Sabrina de Sousa told The Associated Press she is waiting to be told when she will be taken to Italy, where she was convicted in absentia and has a four-year sentence to serve.
Since her October arrest in Lisbon on a European arrest warrant, De Sousa has lost her extradition fight at a lower Lisbon court and her appeal of that decision to the Portuguese Supreme Court.
She insists she wasn't involved in the abduction. The Constitutional Court said in a ruling posted on its website late yesterday that De Sousa's appeal was rejected.
Under Portuguese legal procedure, the Constitutional Court now sends its decision back to the lower court.
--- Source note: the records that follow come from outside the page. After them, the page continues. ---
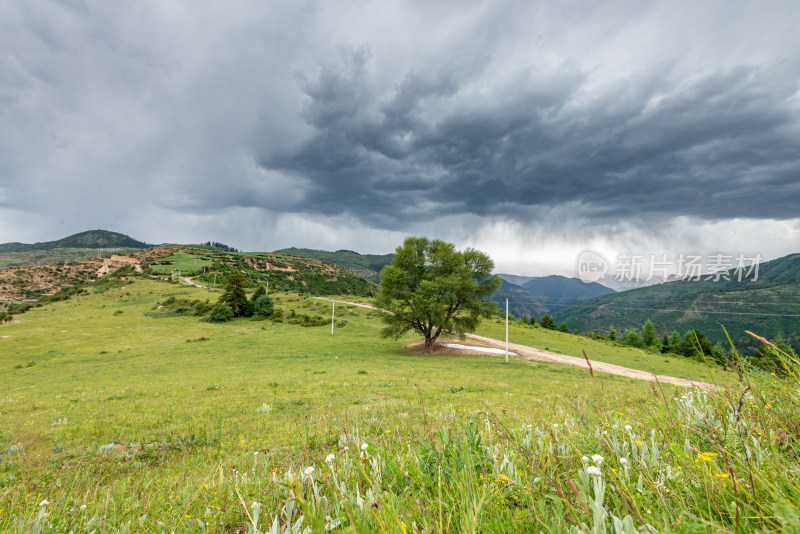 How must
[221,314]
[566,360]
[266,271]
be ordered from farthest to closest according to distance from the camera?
[266,271], [221,314], [566,360]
That court then informs the police, who set in motion the extradition process in conjunction with Italian authorities.
De Sousa said in an email to the AP that she had "no idea" when she might be sent to Italy.
President Sergio Mattarella has granted clemency to other defendants convicted in the case.
De Sousa said she sent today a letter to Pope Francis, through the Vatican's embassy in Lisbon, urging him to speak out against the extraordinary renditions used by the CIA after the September 11, 2001, attacks.
The pontiff has already condemned the practice, in a 2014 speech.
De Sousa, who has both US and Portuguese citizenship and was working in Italy under diplomatic cover, argues that she was never officially informed of the Italian court conviction and couldn't use confidential US government information to defend herself.
"The absence of due process and the imposition of various versions of state secrets are obstacles that prevent the many unanswered questions about the premise and justification for Abu Omar's rendition."
The rendition program, under which terror suspects were kidnapped and transferred to centers where they were interrogated and tortured, was part of the anti-terrorism strategy of the US administration following the attacks.
President Barack Obama ended the program years later.